There were a number of studies that needed to be excluded from the migration process, either because they were studies that weren’t required or they would require specific processing. This was handled by the reconciliation node such that, if a study UID was identified (after reconciliation) that matched the exclusion list, it was sent to the Sin Bin. The image shows the Nexus network that was created to first read the data from the file system using multiple processing threads. This input node fed into the reconciliation node to fix up the DICOM information in the header. A database node was used after the reconciliation to keep a record of the data that had been found and whether it was to be sin-binned. The data was then filtered down the appropriate pipelines based on SOP class and transfer syntax to the appropriate DICOM port on the destination PACS.
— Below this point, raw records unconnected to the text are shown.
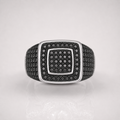 Moissanite Black Square Iced out Men's Pinky Ring
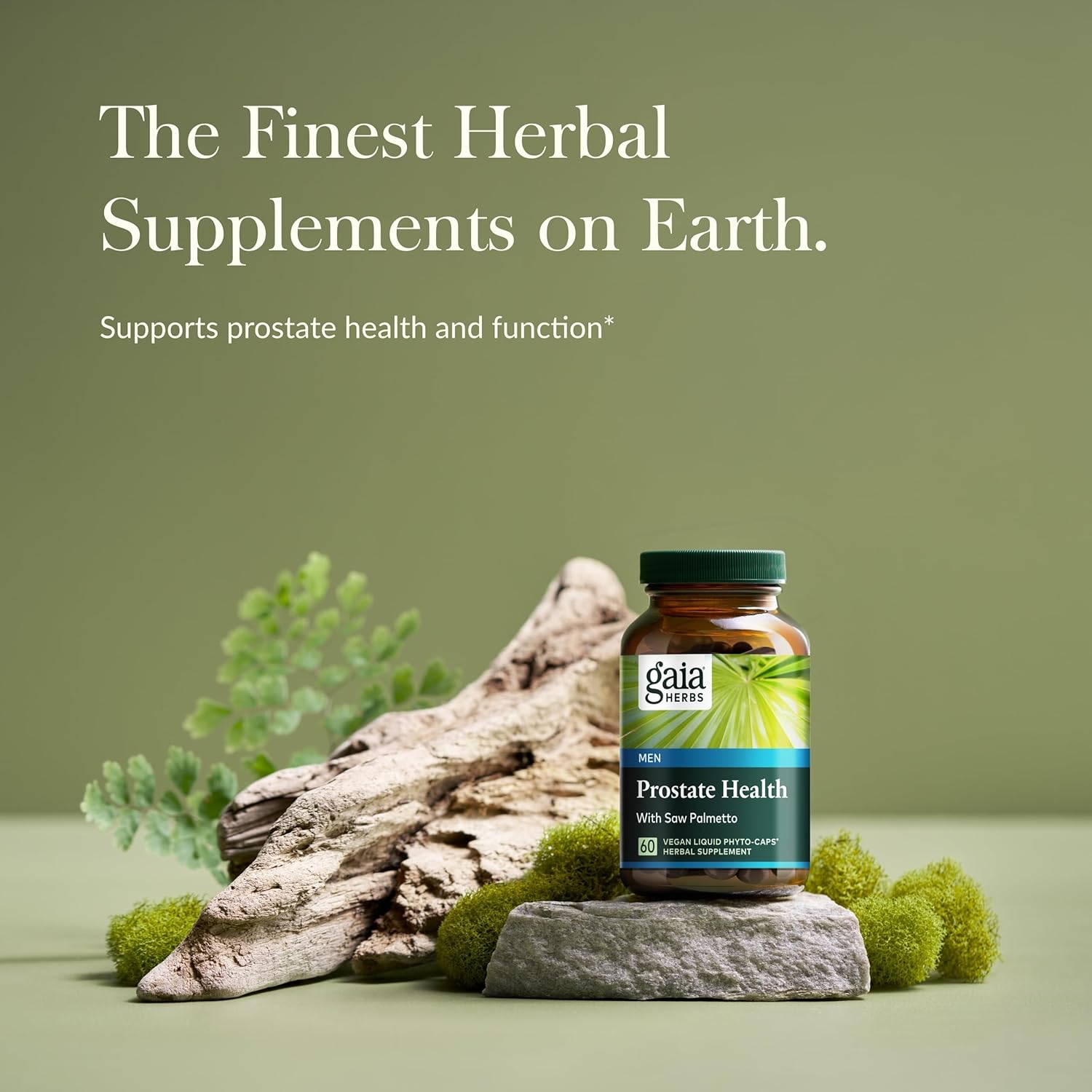 Gaia Herbs Prostate Health - Supports Prostate Health and Function for Men - with Saw Palmetto, Green Tea, Nettle Root, and White Sage - 60 Vegan Liquid Phyto-Capsules (20-Day Supply)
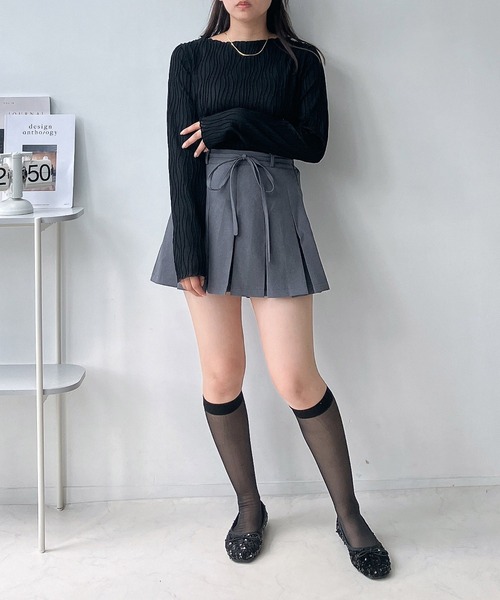 AS KNOW AS plus（アズノゥアズプラス）の「◇リボンベルト付きプリーツミニスカート（スカート・レディース・ブラック/チャコールグレー/グレー系・FREE）」の13枚目の写真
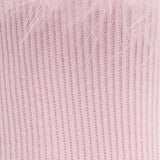 Frou-Frou Feather Trimmed Combed Cotton Socks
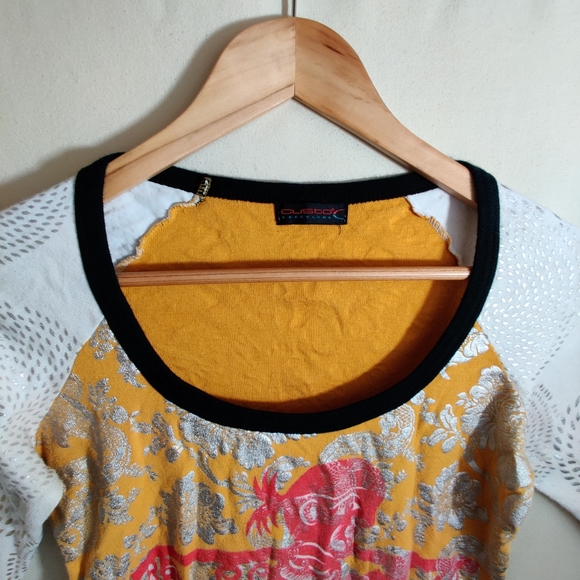 CUSTO BARCELONA White & Yellow Mid Sleeve Scoop Neck Traditional Design Shirt M - Picture 6 of 13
There were a number of test runs where this pipe line was simulated by sending the data to a terminator node with and without reconciliation to get a handle on the maximum speed at which the data could first be read from the file system and then be reconciled with the database. This benchmarking process allowed the department to assess the storage capabilities of the destination PACS once the destination nodes were configured to send to the new system. Once the first trial runs of the migration were done to iron out the configuration on the destination side, some interesting effects were seen. Due to the way in which the current PACS stored studies, in which studies were “striped” across folders and due to the way the data was read by the processing threads, long delays could be seen between images in a study arriving at the destination. The destination PACS implemented a process which after a period of time, or amount of data, moved images to a slower long term archive. The result of these facts was that once delayed images were sent, then the speed at which the data could be moved started to decrease because of having to write to the slower storage. After discussion, Pukka-j were able to create a new mode of operation for reading the data from the file system, by reading the data as a stripe rather than a whole folder at time, thus minimising the time between images in a study.
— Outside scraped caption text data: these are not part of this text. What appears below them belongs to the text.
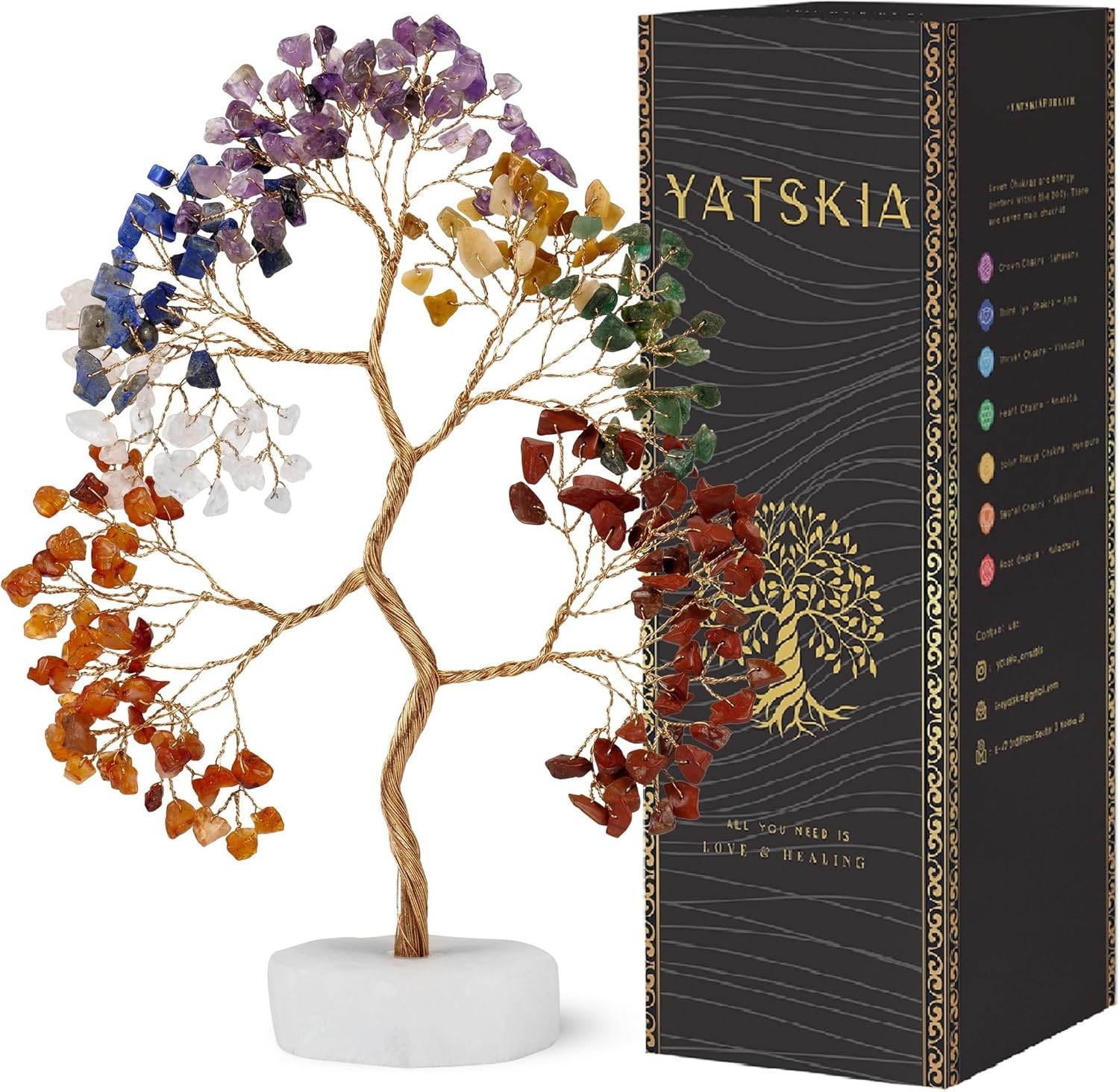 Seven Chakra Tree of Life Decor – Crystals and Healing Stones for Positive En…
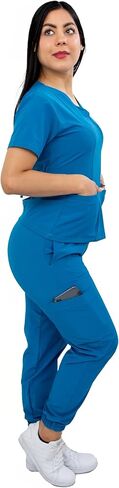 Scrubs - Women's Fluid-Resistant Scrub Ensemble with Round Neck Top and FlexFit Jogger Pants, Cargo Pockets in Saudi Arabia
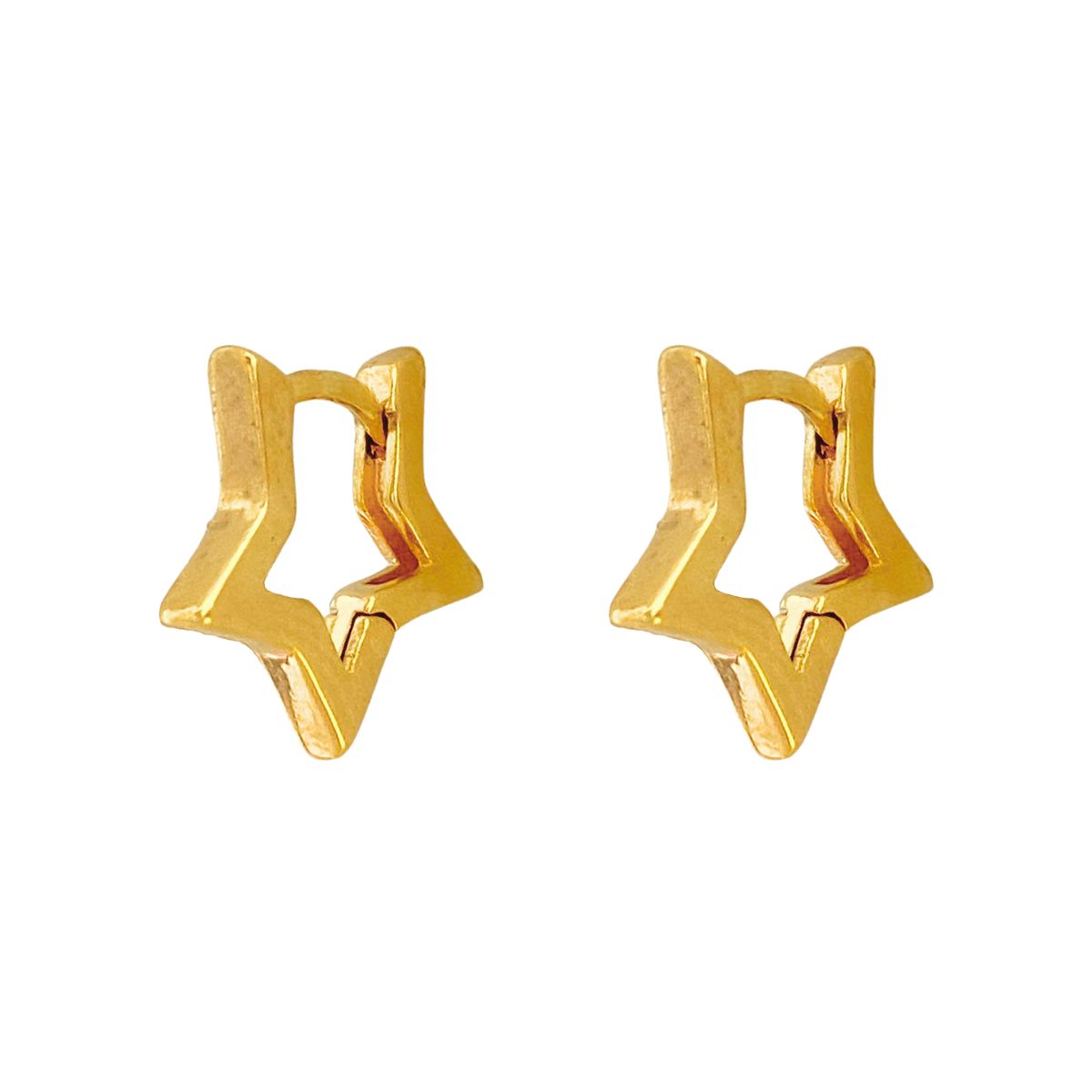 ARGOLA CLICK ESTRELA LISA 12MM FIO QUADRADO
Some analysis of the test runs was performed to verify the performance of the reconciliation and the routing of the data to the required ports on the PACS and after a few configuration tweaks, the migration configuration was able to be deployed across four virtual servers, each running a version of Nexus. The 11 file locations were split so each had it’s own pipe line as shown in the diagram. This allowed the processing to be done in parallel across multiple resources. When the configuration was deployed, the migration was started in earnest and ran non-stop for around 3 weeks in which time it maintained around 300,000 images per hour into the destination PACS. The whole process was able to be monitored by the department, who simply referred to Pukka-j in the event that there were any questions over any entry in the logging files.
Following the migration, some of the excluded files that were not sent because they required some further processing could be dealt with. These were files that in the database had transformations recorded against them such as “rotate clockwise 90 degrees”. These were handled by a new node produced by Pukka-j to allow the department to load a list of SOP Instance UIDs and the required transformation. The data was then sent via a DICOM CMOVE through a Nexus pipeline and as they passed through the transformation node, the pixel data was modified accordingly. The network below shows the image transformation pipeline used.
Sander ten Hoeve (Functioneel Applicatiebeheerder sr) at ZGT, who managed the Nexus services throughout the migration told us:
“We decided to contact Pukka-J because of the previous successful migration and over the years we experienced that Pukka-J is able to develop software based on the needs of a client. The software is flexible, highly configurable and intuitive in use. Furthermore we have direct contact with the developer and any issues or wishes is solved and delivered very quickly.”